O Supremo Tribunal Federal definiu nesta quarta-feira 17 a tese do julgamento de recursos contra a decisão que ampliou a responsabilidade civil das big techs por conteúdos ilegais de seus usuários. Por ter repercussão geral, a conclusão da Corte servirá de baliza para todas as instâncias em processos semelhantes.
Segundo a tese, o provedor será responsabilizado civilmente, de forma solidária, por danos decorrentes de conteúdos postados por terceiros em casos de crime ou atos ilícitos.

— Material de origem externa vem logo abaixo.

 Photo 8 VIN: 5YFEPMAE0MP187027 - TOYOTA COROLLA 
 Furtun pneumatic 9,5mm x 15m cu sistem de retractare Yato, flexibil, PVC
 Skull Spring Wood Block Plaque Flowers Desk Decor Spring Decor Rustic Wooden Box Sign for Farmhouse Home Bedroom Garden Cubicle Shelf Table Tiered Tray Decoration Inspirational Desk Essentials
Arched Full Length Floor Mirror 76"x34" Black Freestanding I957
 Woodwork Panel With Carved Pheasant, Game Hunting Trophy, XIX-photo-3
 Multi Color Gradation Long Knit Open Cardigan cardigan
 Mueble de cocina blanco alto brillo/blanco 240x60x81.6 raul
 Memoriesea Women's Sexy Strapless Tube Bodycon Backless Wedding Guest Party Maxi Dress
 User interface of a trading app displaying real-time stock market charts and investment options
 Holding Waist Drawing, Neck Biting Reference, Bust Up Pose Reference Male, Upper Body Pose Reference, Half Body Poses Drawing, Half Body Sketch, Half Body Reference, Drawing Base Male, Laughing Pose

A responsabilização valerá para casos de falhas sistêmicas das redes — ou seja, quando as plataformas deixarem de adotar medidas de prevenção ou de remoção dos conteúdos ilícitos. O STF também definiu um prazo de 60 dias para as big techs executarem as medidas ordenadas.

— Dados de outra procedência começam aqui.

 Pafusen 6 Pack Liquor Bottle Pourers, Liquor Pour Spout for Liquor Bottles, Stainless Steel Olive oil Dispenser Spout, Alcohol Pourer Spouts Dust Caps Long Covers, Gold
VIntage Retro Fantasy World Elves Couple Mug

As empresas deverão, entre outras ações, proibir o acesso dos usuários a vídeos com exploração e abuso sexual, violência física e indução a comportamentos que levem a danos à saúde física ou mental de crianças ou adolescentes. Também são obrigadas a manter representante legal no País para receber intimações da Justiça.

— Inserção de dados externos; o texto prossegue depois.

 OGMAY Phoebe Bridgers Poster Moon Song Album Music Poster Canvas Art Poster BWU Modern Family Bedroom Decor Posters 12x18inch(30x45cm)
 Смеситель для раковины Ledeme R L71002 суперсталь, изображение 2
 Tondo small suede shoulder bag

Os ministros ainda declararam nesta quarta-feira o trânsito em julgado do processo, atestando não caber novo recurso contra a decisão.
Em junho de 2025, o Supremo decidiu que as plataformas podem ser responsabilizadas civilmente por danos decorrentes de publicações de terceiros em casos de crimes ou atos ilícitos se, após receberem um pedido de retirada — a chamada notificação extrajudicial —, deixarem de remover os conteúdos.
Os provedores também estão sujeitos à responsabilização civil caso não ajam imediatamente para excluir posts que configurem a prática de crimes graves. A lista inclui conteúdos referentes a tentativa de golpe de Estado, abolição do Estado, terrorismo, instigação à mutilação ou ao suicídio, racismo, homofobia e crimes contra mulheres e crianças.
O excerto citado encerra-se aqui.